Being in a foreign land is always a bit of a rush. It is a constant overload of information flooding through your brain. It can be thrilling to acclimatize to the new language, signs, cars, buses, trains, taxis, people, customs, rules, and food. Although, sometimes the food is not such a thrilling experience.
In my travels all over the world, I always have life changing experiences. I call these experiences “gifts”. I receive priceless gifts from the people, cultures and environments where I am visiting. I always come home a better person and I attempt to remember these gifts as I live day to day. Some days it’s more of a struggle to remember, but ultimately I end up remembering, even if it’s the hard way.
This nearly six week adventure to Asia did not leave my gift basket empty. In fact, I was given some of my most valuable and precious gifts yet. In all honesty, I find myself not being able to put into words my emotions, gratitude and the peace that was given to me by the beautiful people, and lands of Korea, Japan and Malaysia.
It is not easy to be away from home for long periods of time. Hotels night after night, living out of a suitcase filled with clothes you just want to burn after a week is hard. Japan and Korea are particularly hard places to adjust, for me at least. There is absolutely no way of faking that you know what is going on. The language alone would make the blood pulse behind my eyeballs just looking at it. Humiliation and embarrassment waited for me around every corner, day after day when I would walk through the wrong door, or hold up a line because I kept putting the wrong currency in the bus box. I was continually shoved aside and yelled at in the subway because my luggage was blocking the whole car. There were many moments when I just wanted to curl up in the fetal position on the dirty concrete floor yelling for my mama. And then it would happen, I would look up from under my embarrassment and see one little precious Asian face looking at me with a slight smile. Maybe it was man, a woman, or even a child at times, but always there was one smile to snap me out of my frustration, take a deep breath which usually led to an out loud laugh which then made several people around me laugh as well. I was happy that I could be a source of laughter for these people who were most likely on their way home from a long hard day of work. Like I mentioned before, I can’t put into words what those simple smiles taught me.
There is a certain confidence I felt when I’d make it through the day in one piece. There was a profound sense of accomplishment when I realized I was on the right bus or train, or I said a word that was recognized by the locals without getting laughed at, well maybe just giggled at. The best feeling was when I would order my meal using a few native words and I would hold my head high smiling looking around to see if the locals heard me speak their native tongue so skillfully. I learned the right doors to walk through and the right currency to use and even the right corners of the subway to jam myself into with my luggage to not block the doors. I would walk down the streets (on the right side) starting to recognize symbols and words and being able to buy things and communicate to some extent. It was a nice feeling. By the time I felt I had learned how to “fit in”, it was time for me to move on to a new place. And the cycle of embarrassment would start over. But, I quickly learned to look for that one smiling face amongst the crowd and laugh. It wasn’t long before I had the smile that others were looking for. It was a humbling experience for me. Humbling and special.

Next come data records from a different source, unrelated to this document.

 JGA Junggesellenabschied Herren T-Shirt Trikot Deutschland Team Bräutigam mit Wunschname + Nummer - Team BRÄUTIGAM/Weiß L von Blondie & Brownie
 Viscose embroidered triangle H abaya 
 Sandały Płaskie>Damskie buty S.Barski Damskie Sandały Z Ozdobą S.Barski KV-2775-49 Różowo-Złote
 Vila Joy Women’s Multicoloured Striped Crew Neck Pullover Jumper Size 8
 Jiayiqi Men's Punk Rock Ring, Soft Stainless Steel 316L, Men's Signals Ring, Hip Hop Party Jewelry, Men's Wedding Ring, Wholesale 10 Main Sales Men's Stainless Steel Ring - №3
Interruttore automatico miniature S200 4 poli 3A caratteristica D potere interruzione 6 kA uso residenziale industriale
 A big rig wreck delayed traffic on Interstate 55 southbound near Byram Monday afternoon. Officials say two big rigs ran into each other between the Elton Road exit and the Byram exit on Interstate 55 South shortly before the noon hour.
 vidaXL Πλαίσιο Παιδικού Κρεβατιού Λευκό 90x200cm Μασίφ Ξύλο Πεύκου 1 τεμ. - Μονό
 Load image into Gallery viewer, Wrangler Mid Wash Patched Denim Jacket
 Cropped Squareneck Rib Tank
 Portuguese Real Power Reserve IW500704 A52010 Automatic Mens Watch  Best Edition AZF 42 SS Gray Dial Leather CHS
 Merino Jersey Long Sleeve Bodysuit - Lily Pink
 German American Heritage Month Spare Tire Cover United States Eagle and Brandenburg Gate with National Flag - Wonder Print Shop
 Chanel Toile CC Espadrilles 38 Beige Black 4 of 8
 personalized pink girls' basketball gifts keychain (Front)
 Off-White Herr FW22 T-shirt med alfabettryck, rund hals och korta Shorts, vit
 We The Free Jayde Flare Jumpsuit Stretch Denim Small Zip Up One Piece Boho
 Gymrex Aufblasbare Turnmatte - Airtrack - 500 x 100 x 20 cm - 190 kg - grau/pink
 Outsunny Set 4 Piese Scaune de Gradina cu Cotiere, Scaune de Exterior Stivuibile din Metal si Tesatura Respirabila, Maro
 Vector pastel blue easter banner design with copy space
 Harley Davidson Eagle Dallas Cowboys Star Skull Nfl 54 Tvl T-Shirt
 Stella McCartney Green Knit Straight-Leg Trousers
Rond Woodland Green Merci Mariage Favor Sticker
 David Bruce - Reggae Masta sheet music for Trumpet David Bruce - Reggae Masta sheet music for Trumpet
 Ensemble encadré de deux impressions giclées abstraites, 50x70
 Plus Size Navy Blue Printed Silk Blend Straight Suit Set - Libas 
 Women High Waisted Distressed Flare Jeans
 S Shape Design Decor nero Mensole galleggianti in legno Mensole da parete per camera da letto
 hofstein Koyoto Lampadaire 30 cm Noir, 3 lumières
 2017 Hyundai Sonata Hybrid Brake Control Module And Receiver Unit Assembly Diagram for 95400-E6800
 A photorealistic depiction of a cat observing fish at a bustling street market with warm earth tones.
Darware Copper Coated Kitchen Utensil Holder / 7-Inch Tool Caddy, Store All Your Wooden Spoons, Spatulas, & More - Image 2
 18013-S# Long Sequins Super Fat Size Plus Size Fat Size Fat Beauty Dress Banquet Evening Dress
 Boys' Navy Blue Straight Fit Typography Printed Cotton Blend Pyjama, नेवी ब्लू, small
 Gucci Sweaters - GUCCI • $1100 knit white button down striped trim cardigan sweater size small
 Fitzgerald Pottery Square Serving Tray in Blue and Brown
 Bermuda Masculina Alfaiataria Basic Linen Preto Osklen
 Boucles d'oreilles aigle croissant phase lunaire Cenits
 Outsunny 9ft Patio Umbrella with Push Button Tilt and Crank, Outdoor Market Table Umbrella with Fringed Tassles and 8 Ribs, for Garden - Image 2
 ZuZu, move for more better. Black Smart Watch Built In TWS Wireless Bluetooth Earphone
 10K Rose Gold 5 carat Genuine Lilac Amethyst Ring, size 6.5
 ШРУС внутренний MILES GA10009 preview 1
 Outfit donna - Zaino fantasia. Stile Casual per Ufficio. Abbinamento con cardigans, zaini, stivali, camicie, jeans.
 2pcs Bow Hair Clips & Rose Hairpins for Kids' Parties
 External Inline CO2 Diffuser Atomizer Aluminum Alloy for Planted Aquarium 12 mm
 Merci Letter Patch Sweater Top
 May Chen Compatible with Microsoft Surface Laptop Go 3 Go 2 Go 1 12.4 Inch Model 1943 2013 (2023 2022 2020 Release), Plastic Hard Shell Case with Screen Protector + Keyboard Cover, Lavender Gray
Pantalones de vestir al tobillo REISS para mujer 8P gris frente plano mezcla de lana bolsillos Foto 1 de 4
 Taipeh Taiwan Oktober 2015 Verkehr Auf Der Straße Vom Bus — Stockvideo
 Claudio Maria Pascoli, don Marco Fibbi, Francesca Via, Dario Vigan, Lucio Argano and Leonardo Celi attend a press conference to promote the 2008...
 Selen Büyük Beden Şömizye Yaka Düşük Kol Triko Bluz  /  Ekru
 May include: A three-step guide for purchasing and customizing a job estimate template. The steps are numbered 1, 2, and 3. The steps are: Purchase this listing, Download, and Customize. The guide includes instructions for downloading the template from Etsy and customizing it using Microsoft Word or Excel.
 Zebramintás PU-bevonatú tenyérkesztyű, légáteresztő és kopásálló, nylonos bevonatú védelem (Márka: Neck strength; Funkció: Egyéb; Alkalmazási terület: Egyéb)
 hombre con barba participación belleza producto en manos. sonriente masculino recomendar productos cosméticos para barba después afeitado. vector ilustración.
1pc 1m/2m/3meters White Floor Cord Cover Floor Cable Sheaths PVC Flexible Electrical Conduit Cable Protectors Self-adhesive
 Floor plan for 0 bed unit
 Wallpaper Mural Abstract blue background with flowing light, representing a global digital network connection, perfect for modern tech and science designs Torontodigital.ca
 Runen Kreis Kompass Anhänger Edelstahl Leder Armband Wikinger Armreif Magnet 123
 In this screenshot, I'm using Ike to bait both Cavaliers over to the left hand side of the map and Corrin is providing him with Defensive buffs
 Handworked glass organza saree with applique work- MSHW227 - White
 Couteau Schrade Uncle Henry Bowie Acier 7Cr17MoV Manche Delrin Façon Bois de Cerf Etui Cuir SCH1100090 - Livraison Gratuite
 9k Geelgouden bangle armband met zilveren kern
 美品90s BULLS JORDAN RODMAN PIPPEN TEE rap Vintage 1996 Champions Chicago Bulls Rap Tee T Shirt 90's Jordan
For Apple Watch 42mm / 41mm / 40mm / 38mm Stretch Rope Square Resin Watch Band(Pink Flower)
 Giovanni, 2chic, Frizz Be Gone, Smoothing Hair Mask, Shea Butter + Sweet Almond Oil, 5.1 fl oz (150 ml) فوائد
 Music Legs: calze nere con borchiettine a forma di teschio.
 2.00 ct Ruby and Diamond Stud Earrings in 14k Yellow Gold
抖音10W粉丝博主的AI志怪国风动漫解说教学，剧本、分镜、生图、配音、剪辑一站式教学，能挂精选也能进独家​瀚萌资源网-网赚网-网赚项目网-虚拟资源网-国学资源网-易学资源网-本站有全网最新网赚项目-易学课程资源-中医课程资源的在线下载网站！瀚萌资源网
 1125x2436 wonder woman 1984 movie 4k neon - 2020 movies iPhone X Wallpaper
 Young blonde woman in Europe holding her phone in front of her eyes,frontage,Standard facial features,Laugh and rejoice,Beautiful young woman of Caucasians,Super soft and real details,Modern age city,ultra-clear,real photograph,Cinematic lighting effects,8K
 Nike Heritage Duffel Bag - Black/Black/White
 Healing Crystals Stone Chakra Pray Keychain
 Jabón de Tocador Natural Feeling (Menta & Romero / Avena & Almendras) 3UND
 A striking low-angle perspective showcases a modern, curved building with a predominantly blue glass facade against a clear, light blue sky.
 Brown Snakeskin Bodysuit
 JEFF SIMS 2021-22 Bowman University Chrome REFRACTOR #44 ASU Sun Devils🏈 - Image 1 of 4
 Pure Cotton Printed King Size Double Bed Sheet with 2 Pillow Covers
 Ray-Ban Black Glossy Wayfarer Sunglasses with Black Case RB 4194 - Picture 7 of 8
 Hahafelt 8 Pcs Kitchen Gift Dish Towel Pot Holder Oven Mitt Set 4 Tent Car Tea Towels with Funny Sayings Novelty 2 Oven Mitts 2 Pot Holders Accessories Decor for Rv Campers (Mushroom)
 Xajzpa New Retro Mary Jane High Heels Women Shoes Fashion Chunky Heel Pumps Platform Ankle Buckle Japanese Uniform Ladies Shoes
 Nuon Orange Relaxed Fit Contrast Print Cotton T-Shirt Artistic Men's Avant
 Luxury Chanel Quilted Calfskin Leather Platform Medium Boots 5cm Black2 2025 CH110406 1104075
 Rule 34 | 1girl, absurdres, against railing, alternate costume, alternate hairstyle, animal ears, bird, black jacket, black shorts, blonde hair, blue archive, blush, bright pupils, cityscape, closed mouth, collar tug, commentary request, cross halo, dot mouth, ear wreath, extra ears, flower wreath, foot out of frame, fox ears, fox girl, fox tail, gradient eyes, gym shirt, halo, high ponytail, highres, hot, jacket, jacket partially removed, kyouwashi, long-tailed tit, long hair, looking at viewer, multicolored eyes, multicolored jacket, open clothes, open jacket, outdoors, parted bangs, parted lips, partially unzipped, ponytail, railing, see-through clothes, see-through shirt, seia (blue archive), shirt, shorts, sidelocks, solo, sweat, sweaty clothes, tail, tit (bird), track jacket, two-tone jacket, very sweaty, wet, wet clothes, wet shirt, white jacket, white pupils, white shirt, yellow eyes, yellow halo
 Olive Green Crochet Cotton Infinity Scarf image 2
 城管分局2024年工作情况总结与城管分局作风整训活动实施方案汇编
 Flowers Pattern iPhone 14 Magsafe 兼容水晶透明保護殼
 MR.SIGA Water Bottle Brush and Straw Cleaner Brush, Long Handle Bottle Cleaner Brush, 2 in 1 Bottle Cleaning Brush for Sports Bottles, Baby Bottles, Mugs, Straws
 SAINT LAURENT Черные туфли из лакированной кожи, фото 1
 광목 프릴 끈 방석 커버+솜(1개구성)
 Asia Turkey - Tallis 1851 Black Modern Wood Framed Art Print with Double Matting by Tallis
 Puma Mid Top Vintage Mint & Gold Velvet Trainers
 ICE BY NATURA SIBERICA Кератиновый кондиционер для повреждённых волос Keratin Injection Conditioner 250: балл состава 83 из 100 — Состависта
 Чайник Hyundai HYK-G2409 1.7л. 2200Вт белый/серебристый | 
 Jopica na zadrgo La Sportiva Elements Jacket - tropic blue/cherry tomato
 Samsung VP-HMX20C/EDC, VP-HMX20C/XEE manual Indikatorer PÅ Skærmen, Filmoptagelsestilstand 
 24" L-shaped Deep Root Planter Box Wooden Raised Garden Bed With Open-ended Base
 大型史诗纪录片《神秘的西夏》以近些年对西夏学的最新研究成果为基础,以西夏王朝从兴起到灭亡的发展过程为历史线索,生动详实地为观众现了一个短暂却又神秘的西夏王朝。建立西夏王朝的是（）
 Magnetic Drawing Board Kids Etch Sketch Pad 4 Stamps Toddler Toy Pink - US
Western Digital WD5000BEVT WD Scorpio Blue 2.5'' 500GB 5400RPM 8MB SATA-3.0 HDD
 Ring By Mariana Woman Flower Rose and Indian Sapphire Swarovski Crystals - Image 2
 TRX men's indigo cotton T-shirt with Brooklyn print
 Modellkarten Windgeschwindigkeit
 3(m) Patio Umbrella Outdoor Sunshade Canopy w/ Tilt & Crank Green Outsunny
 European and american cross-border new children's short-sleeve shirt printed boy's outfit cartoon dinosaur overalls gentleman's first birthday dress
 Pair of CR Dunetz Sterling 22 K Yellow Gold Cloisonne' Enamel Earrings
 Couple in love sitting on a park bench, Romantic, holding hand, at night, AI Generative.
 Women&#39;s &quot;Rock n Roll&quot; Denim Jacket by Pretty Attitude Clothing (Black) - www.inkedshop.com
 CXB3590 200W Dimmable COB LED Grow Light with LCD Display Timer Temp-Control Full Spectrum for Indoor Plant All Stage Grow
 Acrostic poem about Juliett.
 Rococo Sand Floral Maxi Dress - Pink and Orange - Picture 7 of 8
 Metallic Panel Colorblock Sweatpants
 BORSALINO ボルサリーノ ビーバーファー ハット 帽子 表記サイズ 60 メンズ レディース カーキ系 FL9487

I have a brother who recently moved to Malaysia with his wife and little boy. I was able to stay with them for a few days, and I’ll tell you, it felt so good to see familiar faces. I am proud of them for taking on this new adventure and also envy them in many ways. I’ve been home a couple weeks now, and I miss already pushing myself out of my comfort zone. I miss the excitement each day brought. And the deep gratitude I felt everyday for the life I had waiting for me at home. To Matt and Kay and little “Budu”, love every moment you have there, learn, grow and laugh until your sides hurt.
Out of all the many “gifts” I brought home with me that I can put into words are simple thoughts that I hope I can remember day to day and share with others. It seems like we are always in a rush. Life goes by to fast anyway, why would we want to rush it. I have learned to just slow down. Drive slower, stop and look around more, reflect, enjoy silence, breath deeper, cherish every moment of every day, be grateful for what I have instead of always thinking about what I don’t have, meet new people, try new things, get out of my comfort zone, eat more burgers and fries and red velvet cupcakes, laugh, laugh, laugh but mostly at myself, and above all, be the one smile among the crowd.